VB .NET HTMLAgilityPack Colon Separated Values

60 Views Asked by At

Is there a way to get the values within a tag using HTMLAgilityPack? My variable dataNode is an HtmlAgilityPack.HtmlNode and contains:

Dim doc as New HtmlAgilityPack.HtmlDocument()

doc.LoadHtml("
<div id="container" data="id:12,country:usa,city:oregon,id:13,country:usa,city:atlanta">
    <a href="http://www.google.com">Google</a>
</div>
")

Would like to get the value of each id, country,city.

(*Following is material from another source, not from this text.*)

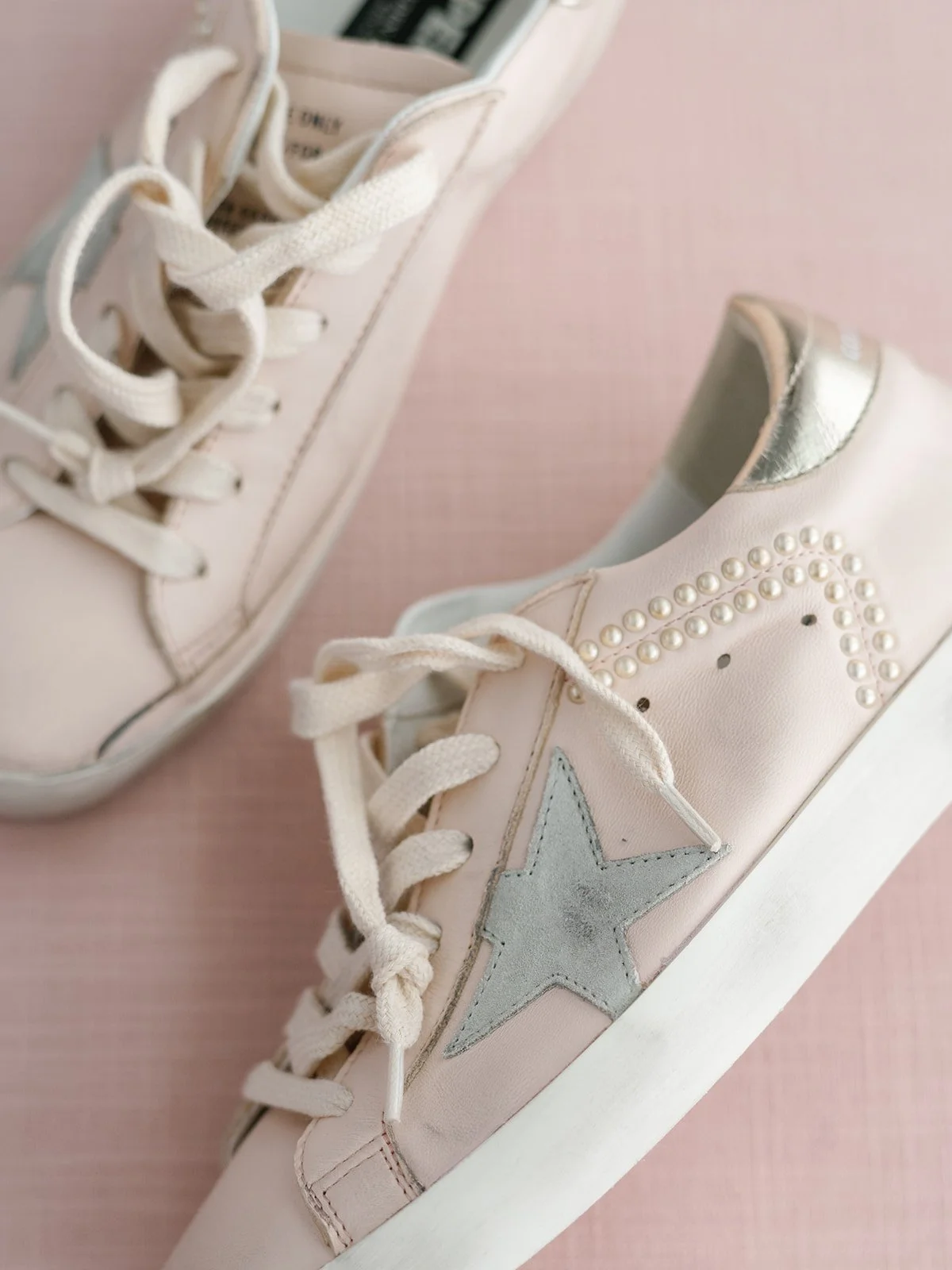 Close-up of pink sneakers with star and pearl embellishments on a pink background.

They repeat within the tag and have different values.

Dim dataNode as HtmlAgililtyPack.HtmlNode

dataNode = doc.documentNode.SelectSingleNode("//div")
txtbox.text = dataNode.Attributes("id[1]").value

This gives an error System.NullReferenceException

1

There are 1 best solutions below

0
On

You need the "data" attribute, not the "id" attribute.

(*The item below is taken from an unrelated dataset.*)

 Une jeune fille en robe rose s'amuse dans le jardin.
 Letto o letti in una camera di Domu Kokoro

Once you have the value of the correct attribute, you will need to parse it into some data structure suitable for holding each part of the data, for example:

Option Infer On
Option Strict On

Module Module1

    Public Class LocationDatum
        Property ID As Integer
        Property Country As String
        Property City As String

        Public Overrides Function ToString() As String
            Return $"ID={ID}, Country={Country}, City={City}"
        End Function

    End Class


    Sub Main()
        Dim doc As New HtmlAgilityPack.HtmlDocument()

        doc.LoadHtml("
<div id=""container"" data=""id:12,country:usa,city:oregon,id:13,country:usa,city:atlanta"">
    <a href=""http://www.google.com"">Google</a>
</div>
")

        Dim dataNode = doc.DocumentNode.SelectSingleNode("//div")
        Dim rawData = dataNode.Attributes("data").Value
        Dim dataParts = rawData.Split(","c)

        Dim locationData As New List(Of LocationDatum)

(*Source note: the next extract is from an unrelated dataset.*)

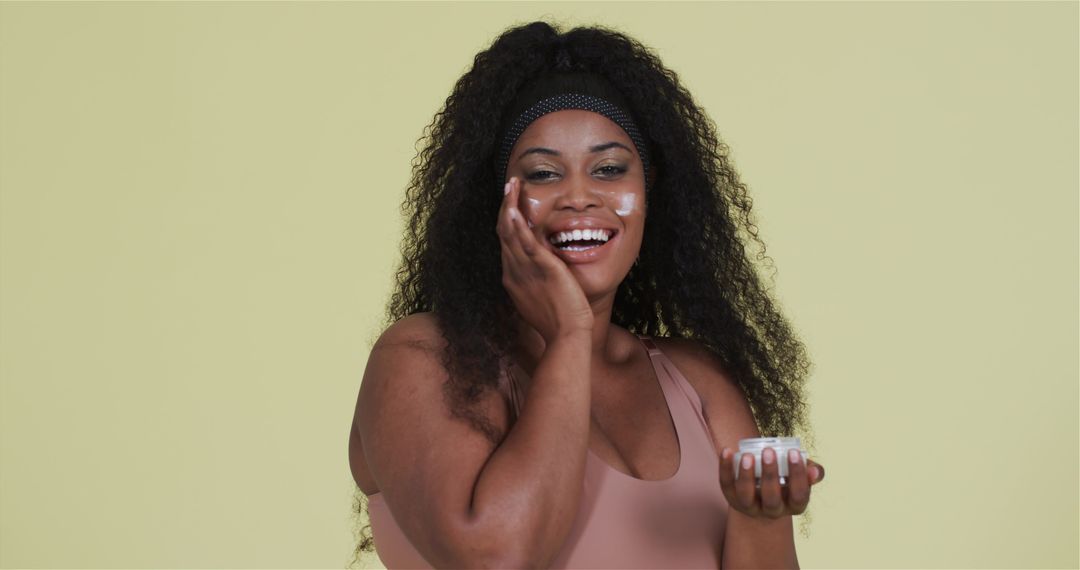 Smiling Woman Applying Facial Cream Promoting Skincare Routine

        ' A simple way of parsing the data
        For i = 0 To dataParts.Count - 1 Step 3
            If i + 2 < dataParts.Count Then
                Dim id As Integer = -1
                Dim country As String = ""
                Dim city As String = ""
                ' used to check all three required parts have been found:
                Dim partsFoundFlags = 0
                For j = 0 To 2
                    Dim itemParts = dataParts(i + j).Split(":"c)
                    Select Case itemParts(0)
                        Case "id"
                            id = CInt(itemParts(1))
                            partsFoundFlags = partsFoundFlags Or 1
                        Case "country"
                            country = itemParts(1)
                            partsFoundFlags = partsFoundFlags Or 2
                        Case "city"
                            city = itemParts(1)
                            partsFoundFlags = partsFoundFlags Or 4
                    End Select
                Next
                If partsFoundFlags = 7 Then
                    locationData.Add(New LocationDatum With {.ID = id, .Country = country, .City = city})
                End If
            End If

        Next

        For Each d In locationData
            Console.WriteLine(d)
        Next

        Console.ReadLine()

    End Sub

End Module

Which outputs:

ID=12, Country=usa, City=oregon
ID=13, Country=usa, City=atlanta

It is resistant to some data malformations, such as id/city/country being in a different order, and spurious data at the end.

You would, of course, put the parsing code into its own function.